O que vemos é que a sua mãe esteve lá, foi à procura dela. E também está lá para a Kate de 39 anos. No tempo presente, o casamento da cantora com Toby está por um fio, depois deste ter dito que não conseguia ultrapassar o facto de o filho ser cego: ainda não estava pronto para se adaptar, ainda só estava triste.
Kate desafia o marido a irem para um retiro de pais e crianças cegas mas perante a sua reticência percebe que é má ideia — e eis que entra a mãe, claro, pronta para ir com ela. No retiro, mãe e filha vivem momentos incríveis: desabafam, tiram “pesos das costas” como refere Rebecca e num culminar que está a ser elogiado em todo o mundo pela sua mensagem, a mãe diz à filha à beira de um meltdown: “põe o fato de banho e vamos nadar. Tu és gorda, eu sou anciã, nós somos maravilhosas”.
Mais tarde, a filha conta à mãe do seu casamento em crise e recebe um importante conselho: se Toby não conseguir cumprir, ela consegue, porque ela é forte. Já a mãe revela à filha que tem problemas de perda de memória mas diz que teve uma reação positiva ao diagnóstico. Sente-se poderosa de não poder fazer nada ou de não ter de se preocupar com as pequenas coisas.
Todo o episódio é uma ode às mulheres, mães e filhas — numa altura, Kate diz “não acredito que me tornei numa daquelas pessoas cuja mãe é a melhor amiga”, e nós dizemos: há lá melhor do que isso?

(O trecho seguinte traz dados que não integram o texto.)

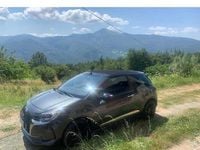 Usata DS Automobiles DS3 Cabriolet Performance 99 CV (72 kW) 2017 Cabrio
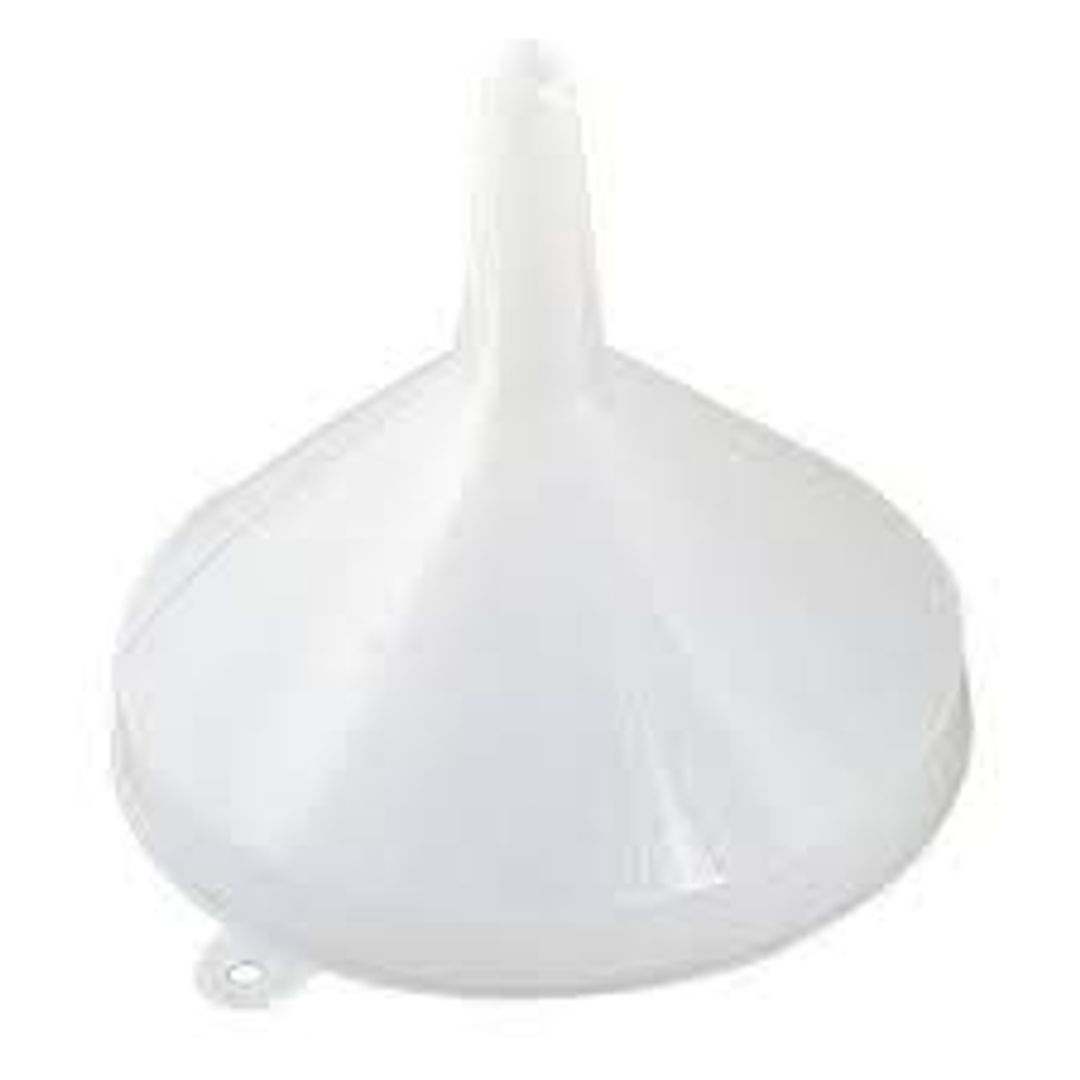 LAB. EMBUDO TRANSPARENTE 100ML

E o mais maravilhoso é que esta parte da trilogia foi realizada por um homem, e não um homem qualquer: Justin Hartley, o ator que faz de Kevin Pearson. Na sua segunda experiência de realização, e a primeira em “This is Us”, Hartley conseguiu contar a história com uma delicadeza que já foi elogiada pelo mundo e pelos colegas — até por Mandy Moore que na série é, ironicamente, a sua mãe.